Leading up the the 2018-19 season, Alex Nylander’s development was a hot topic of debate among fans of the Buffalo Sabres. Entering his third full season with the Rochester Americans, the jury was still out as to whether of not the former eighth-overall pick would ever live up to his draft pedigree.
One year later, questions remain. While it’s undeniable that the 21-year-old has made some encouraging strides, his future as an integral member of the Sabres’ top-six is far from certain. In speaking to Keith Wozniak of LetsGoAmerks.com, we were able to get a picture of some specific growth trends that have taken place since the end of last season.
“It sounds simple but when the season started he wasn’t a spectator just looking for the play,” he stated. “He was making plays. He was battling for the puck. He was playing with determination. He had a strong NHL camp and that likely followed him to start the season.”
That hot start left some fans lamenting the fact that Nylander was sent back to the AHL while players like Tage Thompson (who probably should have at least started the 2018-19 campaign with the Amerks) stayed in Buffalo. Soon after his early-season success, a regression took place, re-igniting the concerns that existed prior to Nylander’s outstanding training camp performance.

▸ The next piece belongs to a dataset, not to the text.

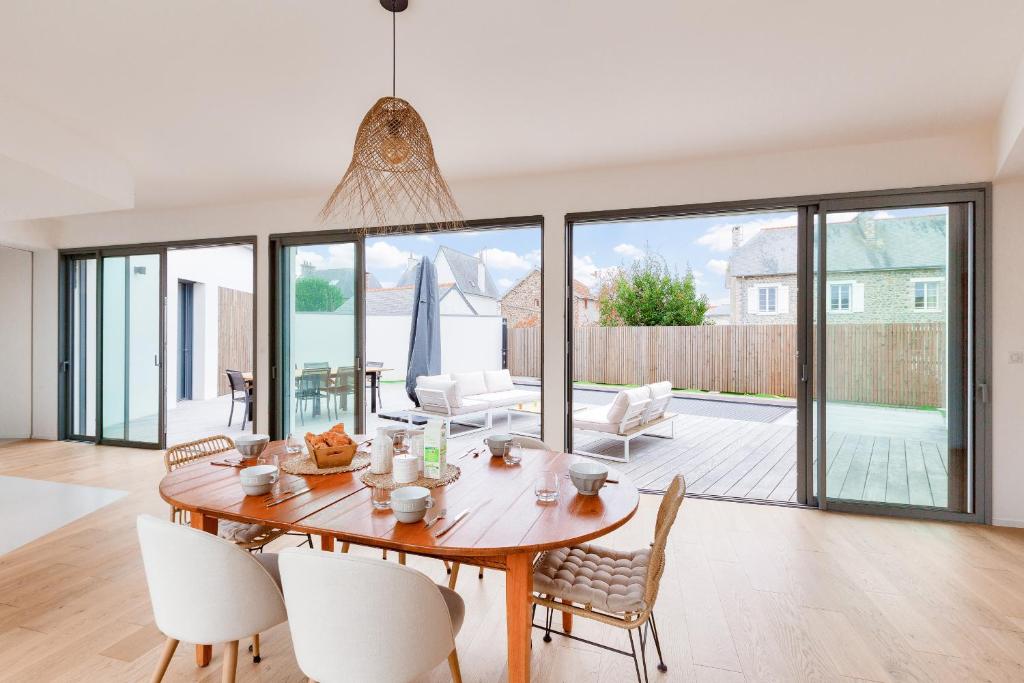 a dining room with a wooden table and chairs at 800m de la plage, maison neuve pour 10, piscine in Pléneuf-Val-André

“This season has been split into three chapters - the start of the season, the middle of the season, and then the 21 year old part of the season,” Wozniak continued. “He started the season in Rochester playing as a legit prospect. He was leading plays on the ice and scoring. That may have been the carry-over from training camp. Then, everything about his play went in the opposite direction.”
At that point, it appeared that Nylander’s season was going downhill. From November 30 to February 2, when his offensive production came to a screeching halt, registering a mere seven points in that 23-game span. On February 5, he sustained an upper-body injury in practice, missing eight games. On February 22, he returned to the lineup and busted out of his pre-injury scoring funk with seven points in as many games before the Sabres recalled him.
“The injury from practice gave him some time off and when he returned he turned 21, scored goals in four straight games, and found his path to the NHL,” said Wozniak.
Overall, there are still many who feel that his 31 points in 49 games for Rochester this season is enough to have earned him a full-time role with the big club in 2019-20. Going quiet offensively for months at a time is a potential cause for concern. At this point in his development, that extended dip in production is tough to overlook. Wozniak provided insight on what may have caused the aforementioned scoring slump.
“Maturity. He thought he was an NHL player (as all players should) and has always appeared to just be killing time in the American League, waiting for the opportunity.”
What’s encouraging is how well he was able to buckled-down, and focus on the weaker points in his game, even amid his point drought. Leading up to this season, one of the major critiques from fans and experts alike was his glaring deficiency on the defensive side of the puck. Very few spectators questioned his raw speed or natural (albeit inconsistent) ability to be creative on offense, but he was not really seen as a complete player. Given his age and status as an AHL veteran (of sorts), this year was, and still is, to some extent, the point of no return.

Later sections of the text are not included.